Korda began her round with a bogey at the par-4 10th, pulling a putt from inside 14 feet to roughly 20 inches. Then she had a nearly half an hour wait before her group was able to tee off at No. 12, ranked the most difficult hole at the previous U.S. Women’s Open held at Lancaster Country Club in 2015.

Korda’s tee ball found a bunker behind the 161-yard hole. Her second shot from the sand failed to hold the green, rolling into the water guarding the front of the undulating putting surface. Her next two shots from beyond the hazard also ended in the water before an eighth stroke finally settled onto the green 10 feet from the cup.

She missed that putt, becoming the latest victim at No. 12 as the gallery around the green watched in disbelief. Over the first several hours Thursday morning, the hole produced eight double bogeys or worse, underscoring its difficulty, which caught players’ attention during practice rounds.

By the afternoon wave Thursday, No. 12 had rendered 20 scores of double bogey or worse. The next hardest hole by that metric was the par-4 fourth, which had yielded eight double bogeys or worse.

“It was tough to watch,” said Megan Khang (5 over), one of Korda’s closest friends on the LPGA Tour, who played in the same group along with Japan’s Nasa Hataoka (3 over).

Korda’s opening-round collapse, in which she uncommonly missed eight of 14 fairways, was a shocking turn of events given how well she had been striking the ball this year. Most recently she closed with 33 on the back nine to outlast Hannah Green by a stroke at the Mizuho Americas Open in Jersey City, in the shadow of Manhattan.

At the Chevron Championship, Korda posted four rounds in the 60s at the Club at Carlton Woods outside Houston, capped by a closing 69 to win by two shots over Sweden’s Maja Stark. She collected a winner’s check for $1.2 million, the highest payout in the history of the tournament.

That triumph was Korda’s fifth in as many starts, placing her in the company of Hall of Famers Nancy Lopez and Annika Sorenstam as the only players to win that many tournaments in a row. It also was the second major championship win for Korda following a victory at the Women’s PGA Championship in 2021 at the Atlanta Athletic Club’s Highland Course.

She is also believed to be the only player in women’s golf history to win six times in seven starts, dating from at least 1980, when the LPGA Tour began compiling official statistics.

“I mean, not a lot of positive thoughts, honestly,” Korda said. “Just honestly, I just didn’t play well today. I didn’t hit it good. I found myself in the rough a lot.
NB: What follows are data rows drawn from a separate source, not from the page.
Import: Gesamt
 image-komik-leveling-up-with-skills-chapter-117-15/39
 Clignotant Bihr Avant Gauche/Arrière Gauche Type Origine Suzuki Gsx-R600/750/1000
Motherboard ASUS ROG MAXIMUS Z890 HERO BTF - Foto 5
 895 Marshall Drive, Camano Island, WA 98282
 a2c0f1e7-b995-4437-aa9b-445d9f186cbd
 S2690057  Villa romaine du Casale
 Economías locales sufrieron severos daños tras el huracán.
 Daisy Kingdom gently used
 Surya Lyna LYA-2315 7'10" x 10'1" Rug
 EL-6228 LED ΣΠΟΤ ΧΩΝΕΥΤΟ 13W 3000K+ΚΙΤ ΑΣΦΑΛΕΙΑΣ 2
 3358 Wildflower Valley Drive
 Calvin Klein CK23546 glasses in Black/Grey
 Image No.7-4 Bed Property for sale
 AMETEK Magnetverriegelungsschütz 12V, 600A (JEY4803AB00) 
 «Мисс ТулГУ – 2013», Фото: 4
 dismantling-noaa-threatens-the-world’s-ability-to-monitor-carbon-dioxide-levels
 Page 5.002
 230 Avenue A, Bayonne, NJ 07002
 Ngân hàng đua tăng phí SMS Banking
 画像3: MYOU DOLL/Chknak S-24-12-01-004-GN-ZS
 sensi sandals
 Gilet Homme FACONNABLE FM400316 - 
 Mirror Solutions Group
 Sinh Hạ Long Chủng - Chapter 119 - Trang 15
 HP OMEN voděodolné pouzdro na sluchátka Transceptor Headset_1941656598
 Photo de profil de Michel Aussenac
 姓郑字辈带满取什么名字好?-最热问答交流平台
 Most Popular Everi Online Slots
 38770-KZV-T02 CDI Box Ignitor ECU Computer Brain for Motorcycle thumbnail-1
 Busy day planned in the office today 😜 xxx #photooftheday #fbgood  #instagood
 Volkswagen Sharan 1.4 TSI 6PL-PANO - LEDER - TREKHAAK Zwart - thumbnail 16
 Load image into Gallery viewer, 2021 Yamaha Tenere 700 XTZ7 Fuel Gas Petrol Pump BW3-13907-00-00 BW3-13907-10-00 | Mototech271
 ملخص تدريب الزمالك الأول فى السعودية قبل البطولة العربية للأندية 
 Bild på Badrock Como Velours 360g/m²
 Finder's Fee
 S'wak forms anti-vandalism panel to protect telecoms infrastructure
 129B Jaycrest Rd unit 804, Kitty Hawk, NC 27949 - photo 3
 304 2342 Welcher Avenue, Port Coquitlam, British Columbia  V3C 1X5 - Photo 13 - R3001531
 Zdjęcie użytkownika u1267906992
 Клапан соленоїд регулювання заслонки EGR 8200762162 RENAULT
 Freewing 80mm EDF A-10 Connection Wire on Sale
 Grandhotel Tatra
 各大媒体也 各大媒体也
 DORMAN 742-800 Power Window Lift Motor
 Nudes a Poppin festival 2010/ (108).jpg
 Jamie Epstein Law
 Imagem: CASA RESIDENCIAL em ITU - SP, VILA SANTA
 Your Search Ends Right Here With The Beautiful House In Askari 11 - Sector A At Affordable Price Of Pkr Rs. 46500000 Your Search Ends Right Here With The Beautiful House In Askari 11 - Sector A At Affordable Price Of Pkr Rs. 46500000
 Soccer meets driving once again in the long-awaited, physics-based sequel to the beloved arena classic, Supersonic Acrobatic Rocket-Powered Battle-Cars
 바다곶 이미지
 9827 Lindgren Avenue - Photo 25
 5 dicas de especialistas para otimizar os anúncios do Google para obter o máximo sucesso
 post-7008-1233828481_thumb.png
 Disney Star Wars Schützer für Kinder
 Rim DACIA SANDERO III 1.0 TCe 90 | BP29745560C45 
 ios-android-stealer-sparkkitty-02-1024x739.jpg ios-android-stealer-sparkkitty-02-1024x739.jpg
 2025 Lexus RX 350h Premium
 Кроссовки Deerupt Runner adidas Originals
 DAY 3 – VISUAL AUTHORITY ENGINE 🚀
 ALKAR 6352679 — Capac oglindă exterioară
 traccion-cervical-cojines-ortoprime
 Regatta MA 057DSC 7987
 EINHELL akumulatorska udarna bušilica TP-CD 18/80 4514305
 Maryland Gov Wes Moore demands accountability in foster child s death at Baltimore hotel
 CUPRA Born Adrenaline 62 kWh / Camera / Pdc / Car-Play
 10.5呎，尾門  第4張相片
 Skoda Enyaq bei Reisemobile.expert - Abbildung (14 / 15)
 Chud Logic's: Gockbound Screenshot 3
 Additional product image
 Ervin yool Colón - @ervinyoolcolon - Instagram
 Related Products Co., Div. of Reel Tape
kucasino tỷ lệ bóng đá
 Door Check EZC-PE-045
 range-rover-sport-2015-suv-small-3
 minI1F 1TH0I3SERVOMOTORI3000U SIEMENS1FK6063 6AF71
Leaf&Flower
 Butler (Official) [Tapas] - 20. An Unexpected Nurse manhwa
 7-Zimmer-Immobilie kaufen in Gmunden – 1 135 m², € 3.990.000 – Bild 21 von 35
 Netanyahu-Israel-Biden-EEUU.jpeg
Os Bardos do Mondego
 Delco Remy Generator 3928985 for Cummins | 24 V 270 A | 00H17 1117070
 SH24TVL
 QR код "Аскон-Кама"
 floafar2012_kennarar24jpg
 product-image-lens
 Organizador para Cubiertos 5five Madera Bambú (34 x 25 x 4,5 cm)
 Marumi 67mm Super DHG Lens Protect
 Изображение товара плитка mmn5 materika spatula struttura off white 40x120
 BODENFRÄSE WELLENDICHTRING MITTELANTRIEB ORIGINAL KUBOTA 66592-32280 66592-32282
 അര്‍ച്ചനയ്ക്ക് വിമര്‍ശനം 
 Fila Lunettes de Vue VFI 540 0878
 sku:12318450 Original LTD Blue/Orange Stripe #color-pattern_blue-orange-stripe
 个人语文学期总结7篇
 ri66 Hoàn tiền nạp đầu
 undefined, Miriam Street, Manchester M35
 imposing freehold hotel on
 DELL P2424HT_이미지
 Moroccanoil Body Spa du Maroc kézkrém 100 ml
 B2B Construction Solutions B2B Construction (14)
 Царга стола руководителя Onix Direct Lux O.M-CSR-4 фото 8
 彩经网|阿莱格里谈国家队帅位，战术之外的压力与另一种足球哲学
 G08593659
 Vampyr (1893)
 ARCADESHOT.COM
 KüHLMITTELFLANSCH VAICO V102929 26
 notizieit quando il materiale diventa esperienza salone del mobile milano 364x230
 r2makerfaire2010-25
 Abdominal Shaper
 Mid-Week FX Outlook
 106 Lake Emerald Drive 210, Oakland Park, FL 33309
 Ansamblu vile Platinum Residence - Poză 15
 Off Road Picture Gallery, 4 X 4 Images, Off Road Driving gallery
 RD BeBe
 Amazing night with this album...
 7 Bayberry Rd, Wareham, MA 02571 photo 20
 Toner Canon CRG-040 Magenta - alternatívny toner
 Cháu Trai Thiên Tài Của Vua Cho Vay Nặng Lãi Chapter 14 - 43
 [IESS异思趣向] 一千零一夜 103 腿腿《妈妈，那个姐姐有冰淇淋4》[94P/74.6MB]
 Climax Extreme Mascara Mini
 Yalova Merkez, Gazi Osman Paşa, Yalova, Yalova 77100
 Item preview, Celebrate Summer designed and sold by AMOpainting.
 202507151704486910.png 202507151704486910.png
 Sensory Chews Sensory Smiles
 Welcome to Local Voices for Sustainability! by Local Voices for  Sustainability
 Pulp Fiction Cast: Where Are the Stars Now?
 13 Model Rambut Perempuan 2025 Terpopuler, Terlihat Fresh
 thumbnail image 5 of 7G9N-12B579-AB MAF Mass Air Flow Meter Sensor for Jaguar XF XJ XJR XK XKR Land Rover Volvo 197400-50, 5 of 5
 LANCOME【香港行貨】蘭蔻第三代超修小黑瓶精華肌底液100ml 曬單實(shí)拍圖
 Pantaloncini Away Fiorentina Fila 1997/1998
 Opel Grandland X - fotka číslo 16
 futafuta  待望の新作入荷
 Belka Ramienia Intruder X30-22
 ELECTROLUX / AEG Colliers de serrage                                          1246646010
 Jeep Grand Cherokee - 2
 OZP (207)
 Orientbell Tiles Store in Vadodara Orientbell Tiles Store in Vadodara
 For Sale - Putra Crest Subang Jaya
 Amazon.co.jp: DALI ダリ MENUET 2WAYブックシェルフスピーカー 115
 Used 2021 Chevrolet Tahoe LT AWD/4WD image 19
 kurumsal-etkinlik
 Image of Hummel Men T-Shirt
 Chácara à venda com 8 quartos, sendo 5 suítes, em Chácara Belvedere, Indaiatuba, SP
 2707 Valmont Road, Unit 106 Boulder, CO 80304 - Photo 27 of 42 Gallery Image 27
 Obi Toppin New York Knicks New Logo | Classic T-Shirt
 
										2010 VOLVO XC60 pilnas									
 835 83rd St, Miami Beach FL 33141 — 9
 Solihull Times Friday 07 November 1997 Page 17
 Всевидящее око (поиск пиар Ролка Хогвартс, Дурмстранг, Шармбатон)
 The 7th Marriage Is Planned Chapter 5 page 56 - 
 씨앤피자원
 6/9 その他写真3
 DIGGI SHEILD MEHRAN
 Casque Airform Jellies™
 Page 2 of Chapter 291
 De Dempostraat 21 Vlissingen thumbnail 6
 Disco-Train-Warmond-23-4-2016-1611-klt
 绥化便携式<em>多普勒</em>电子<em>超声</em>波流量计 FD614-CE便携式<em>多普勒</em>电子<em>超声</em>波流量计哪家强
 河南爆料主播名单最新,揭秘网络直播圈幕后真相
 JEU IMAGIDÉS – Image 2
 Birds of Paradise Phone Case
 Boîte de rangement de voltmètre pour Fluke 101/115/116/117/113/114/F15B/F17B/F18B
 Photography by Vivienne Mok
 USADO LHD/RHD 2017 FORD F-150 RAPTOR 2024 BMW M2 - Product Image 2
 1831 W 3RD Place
Making a 10 on a par-3 will definitely not do you any good at [the] U.S. Open. I started off really poorly but played pretty well on the back nine, but overall, yeah, just a bad day at the office.”

The 6,583-yard layout, with 13 fully or partially blind approaches, doomed a handful of other top players. Lydia Ko, ranked 14th and one point from a spot in the LPGA Hall of Fame, also shot 10 over. Reigning U.S. Women’s Open champion Allisen Corpuz fired a 5-over 75.

South Korea’s Jin Young Ko, ranked seventh and a former world No. 1 for a record 159 weeks, shot 5 over, as did England’s Charley Hull, ranked eighth.

“I just knew it was going to be a grind out there,” Lee said. “I mean, this golf course is such a test. It’s a beast of a golf course really, and par’s a really good score out here.”